Umzug von Flüchtlingen vom Oranienplatz in den Wedding

Zum letzten Wochenende wurde bekannt, dass entsprechend einer Abstimmung zwischen der Senatsverwaltung für Gesundheit und Soziales, dem Bezirksamt Friedrichshain-Kreuzberg und der Caritas Berlin die seit geraumer Zeit illegal am Oranienplatz protestierenden Flüchtlinge in eine Unterkunft in der Weddinger Residenzstraße umziehen sollen – dieser Umzug ist am Wochenende bereits erfolgt.

Dieses Abstimmungsergebnis kam für uns überraschend. Die das Camp am Oranienplatz zu verantwortende Bezirksbürgermeisterin von Friedrichshain-Kreuzberg kapituliert nach wochenlanger Flickschusterei vor ihren eigenen Ansprüchen und schiebt das entstandene Desaster in einen Nachbarbezirk ab; vor den Konsequenzen läuft sie davon. Die politische Bankrotterklärung der Bezirksbürgermeisterin von Friedrichshain-Kreuzberg und ihres unsäglichen Vorgängers geht zu Lasten des Bezirks Mitte, der sich seit Jahren bereits in außerordentlicher Art und Weise erfolgreich und für andere Bezirke beispielgebend der Verantwortung bei der Unterbringung von Flüchtlingen stellt.

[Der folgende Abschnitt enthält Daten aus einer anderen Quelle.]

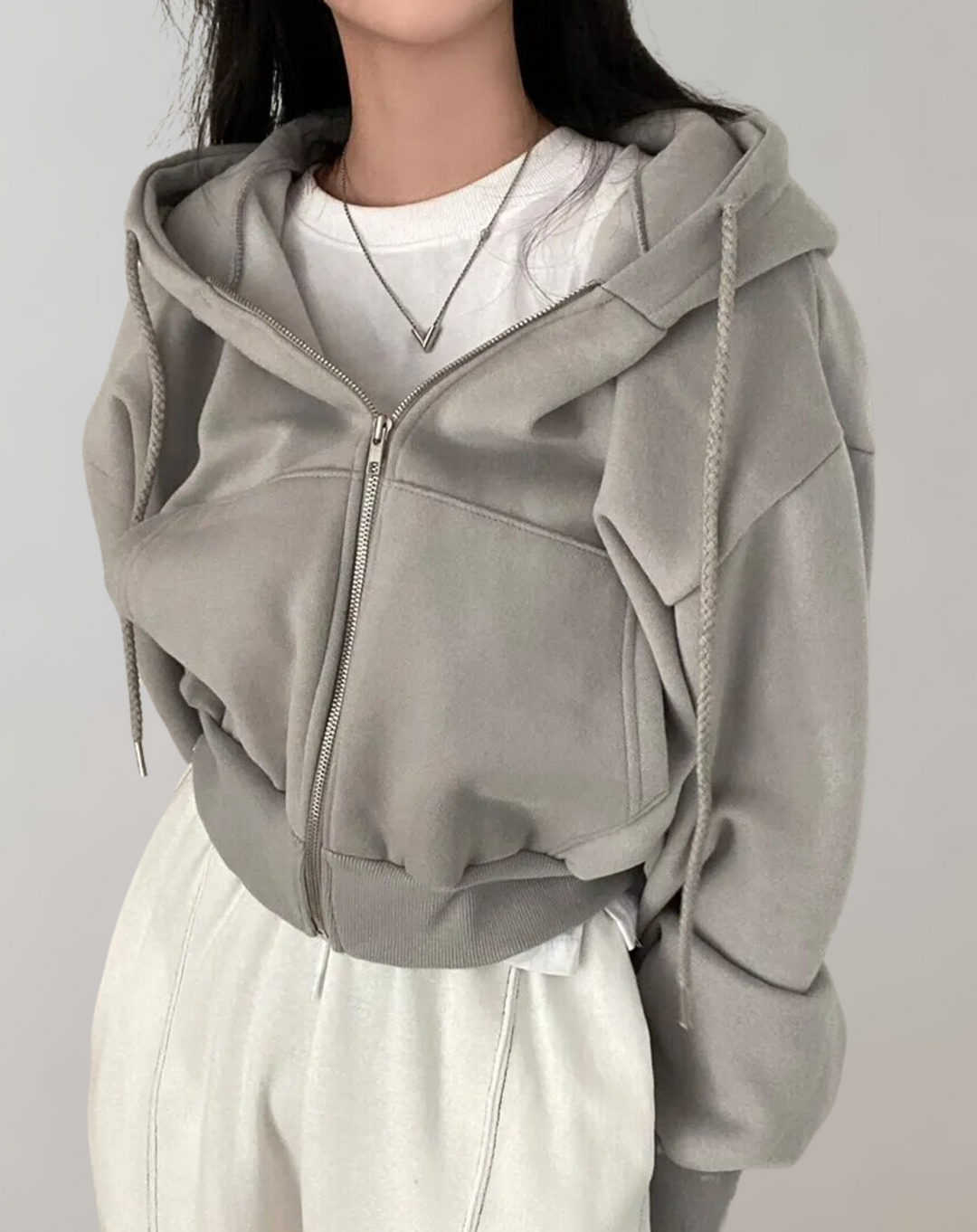 Sweat gris zippé porté en tenue citadine avec un t-shirt blanc, un collier et un pantalon blanc, bord-côtes bien visible. 4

Ungeachtet einer kritischen Sicht auf die Entscheidung steht für die CDU-Fraktion Mitte außer Zweifel, dass wir die Caritas Berlin, die ihre Einrichtung mehrfach der Senatsverwaltung für Gesundheit und Soziales zur Nutzung angeboten hatte, bei der Bewältigung ihrer Herausforderung unterstützen!

Das Land Berlin steht derzeit mit der Unterbringung von Flüchtlingen vor erheblichen Herausforderungen, die wir als CDU-Fraktion Mitte unterstützen. Unserem politischen Verständnis entsprechend werden wir an Lösungen arbeiten und nicht wie der politische Gegner aussitzen oder gar blockieren.

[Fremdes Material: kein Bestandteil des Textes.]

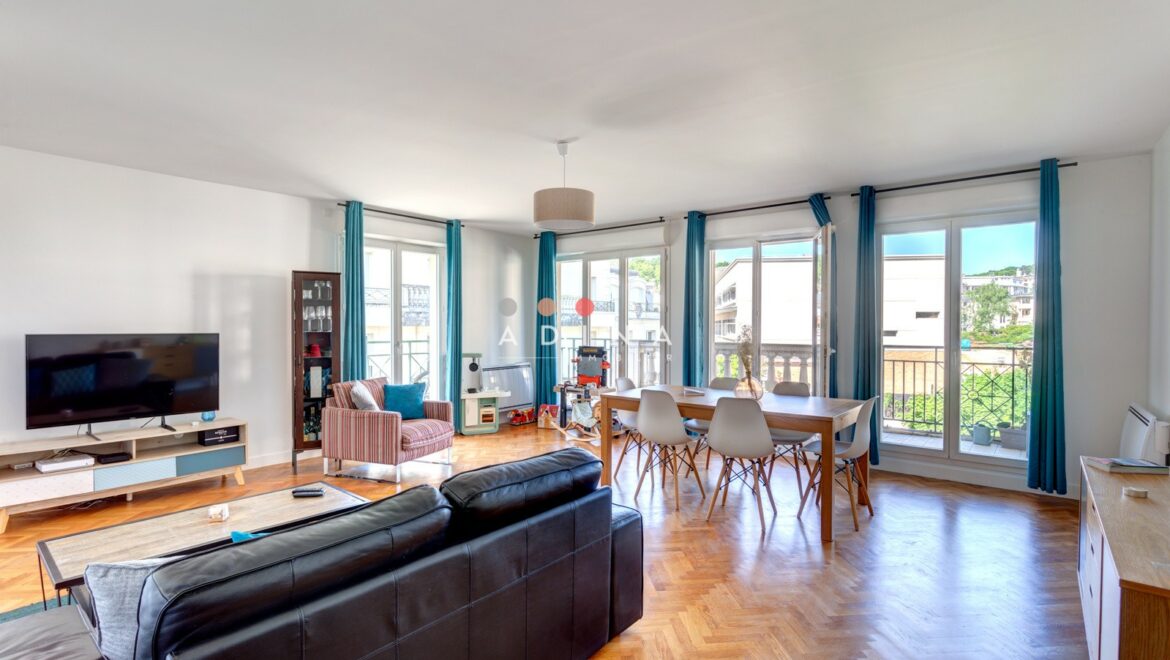 Salon lumineux avec parquet et grandes fenêtres.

Der Bezirk Mitte hat in der Vergangenheit bereits mehr als viele andere Bezirke Berlins zur Unterbringung von Flüchtlingen beigetragen. Wir unterstützen ausdrücklich das bürgerschaftliche Engagement, das die Arbeit in den Flüchtlingsunterkünften des Bezirks begleitet – Vorfälle wie im Bezirk Hellersdorf werden wir nicht zulassen. Ungeachtet der z.T. sehr eindeutigen sozialen und demographischen Parameter in der Bevölkerungsstruktur unseres Bezirks, werden wir uns auch weiterhin derart verhalten. 

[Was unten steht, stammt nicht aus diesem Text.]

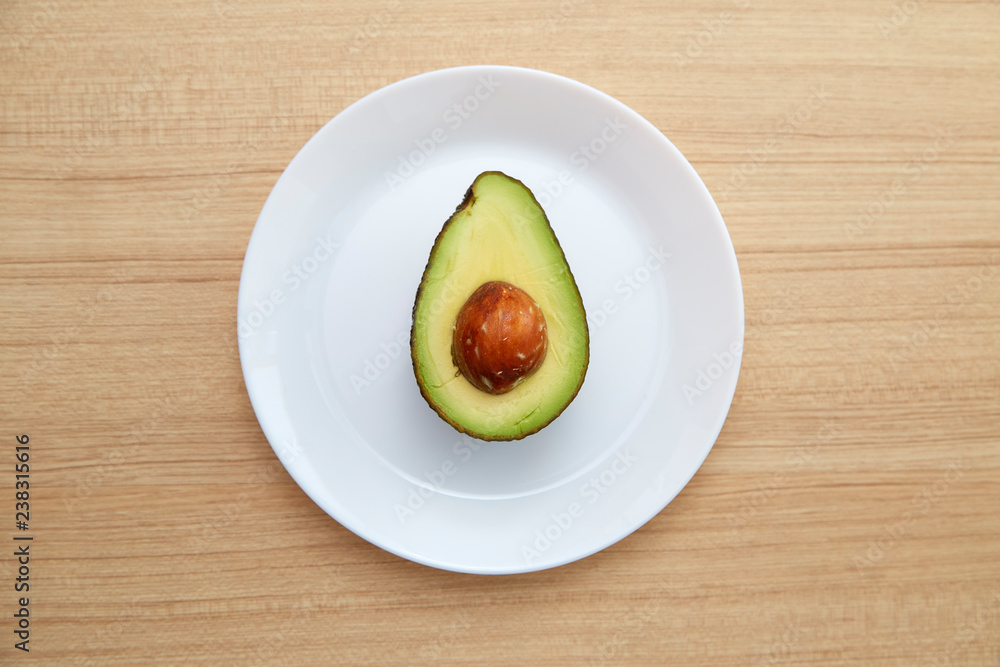 Avocado on white plate Healthy Avocado on white plate Healthy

Wir wollen keine Besserstellung des Bezirks Mitte gegenüber den anderen Bezirken, fordern jedoch eine gerechtere Verteilung der Lasten auf alle (!) Bezirke. Die CDU-Fraktion Mitte begrüßt deshalb die erklärte Politik der Senatsverwaltung für Gesundheit und Soziales, dass die Unterbringungskontingente noch gleichmäßiger auf die Bezirke verteilt werden sollen. Wir erkennen aber an, dass die Entwicklung der zu berücksichtigenden Personenzahl nur schwer einzuschätzen ist und an die Unterbringung von Flüchtlingen in Einrichtungen Anforderungen gestellt werden, die z.B. bauliche Maßnahmen und damit (erhebliche) Zeitabläufe erfordern.

Wir kritisieren das Verhalten des GRÜN-dominierten Bezirksamtes Friedrichshain-Kreuzberg, welches sich gegenüber der Senatsverwaltung für Gesundheit und Soziales und der Caritas Berlin nicht an die im Abstimmungsprozess vereinbarten Maßnahmen gehalten hat. Es bleibt offen, ob das Versagen des Bezirksamtes Friedrichshain-Kreuzberg tatsächlich nur durch politisches Unvermögen begründet ist oder nicht gar eine gezielte Provokation darstellt, um (auf dem Rücken von Flüchtlingen) medienwirksam eine politische Kritik an der Bundesrepublik Deutschland allgemein und dem geltenden Asylrecht speziell zu organisieren.